What is the First Amendment?
Answer
It protects freedoms of speech, religion, press, assembly, petition
Explanation
The First Amendment protects five core freedoms: speech, religion, press, peaceable assembly, and petition of the government for redress of grievances. Ratified on December 15, 1791 as part of the Bill of Rights, it was drafted by James Madison in response to Anti-Federalist demands that the new Constitution include explicit guarantees of personal liberty. Its forty-five words begin Congress shall make no law respecting an establishment of religion, or prohibiting the free exercise thereof, then forbid laws abridging the freedom of speech, or of the press, or the right of the people peaceably to assemble, and to petition the Government for a redress of grievances.
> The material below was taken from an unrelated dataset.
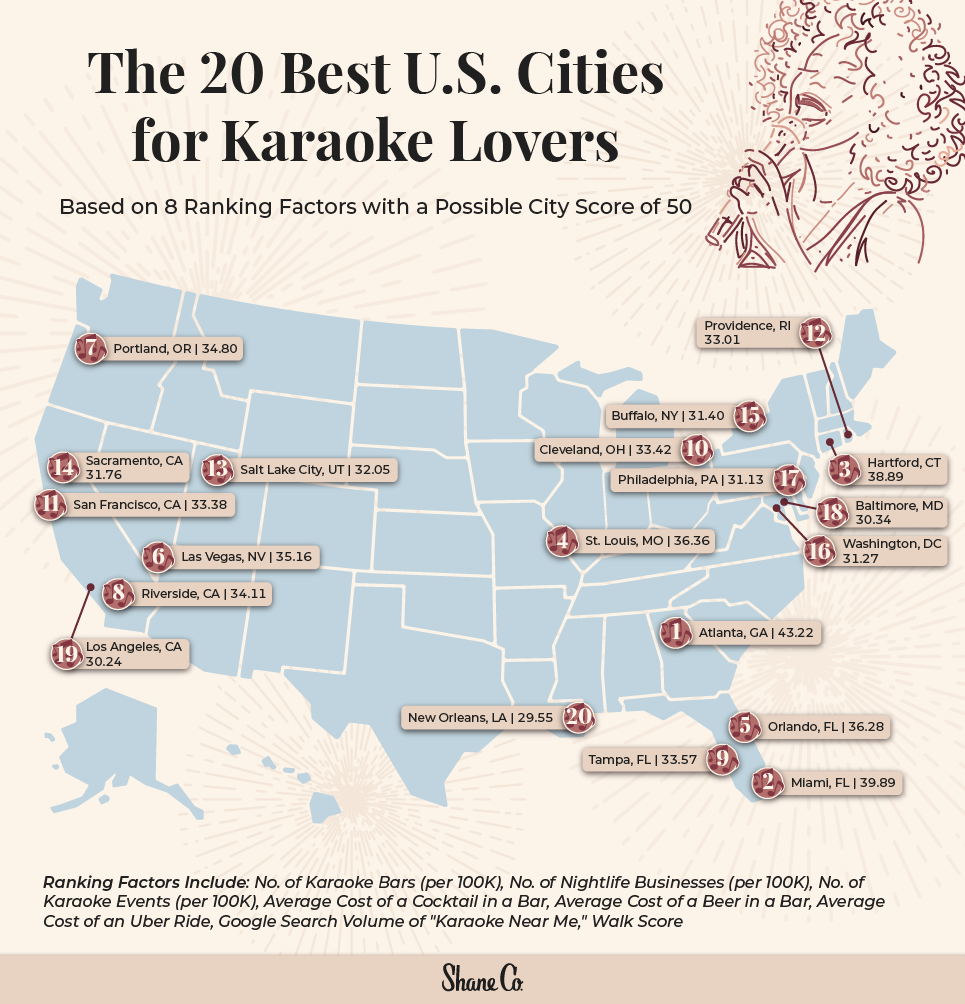U.S. map showing the best 20 cities for karaoke in the country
The two religion clauses operate together. The Establishment Clause prevents the federal government, and since Everson v. Board of Education (1947) the states as well, from creating an official church or favoring one faith over another. The Free Exercise Clause protects worship and religious practice, although the Supreme Court has held in cases such as Reynolds v. United States (1879) and Employment Division v. Smith (1990) that neutral laws of general applicability may still apply to religious conduct.
Free speech protection is broad but not absolute. Schenck v. United States (1919) introduced the clear and present danger test, refined by Brandenburg v. Ohio (1969) to bar punishment of advocacy unless directed to incite imminent lawless action. Categories outside protection include true threats, fighting words from Chaplinsky v. New Hampshire (1942), defamation, and obscenity defined in Miller v. California (1973). Symbolic conduct such as flag burning was protected in Texas v. Johnson (1989).
Freedom of the press won its strongest victory in New York Times Co. v. United States (1971), the Pentagon Papers case, when the Court rejected prior restraint of newspaper publication. Freedom of assembly protects peaceful gatherings, marches, and protests, and combined with the right to petition it underwrites lobbying, public demonstrations, and ballot initiatives.
Originally the First Amendment bound only the federal government. Through the doctrine of incorporation, starting with Gitlow v. New York (1925) for speech and continuing through Cantwell v. Connecticut (1940) for religion and DeJonge v. Oregon (1937) for assembly, the Supreme Court extended these protections against state action by way of the Fourteenth Amendment Due Process Clause. For applicants preparing for the naturalization interview, naming all five freedoms in the correct order is one of the most frequently tested points on the civics exam.
Why this matters for your test
The First Amendment defines the boundary between citizen and government across the most consequential areas of public life. USCIS officers ask about it more often than any other amendment, and applicants must be able to list every protected freedom on demand.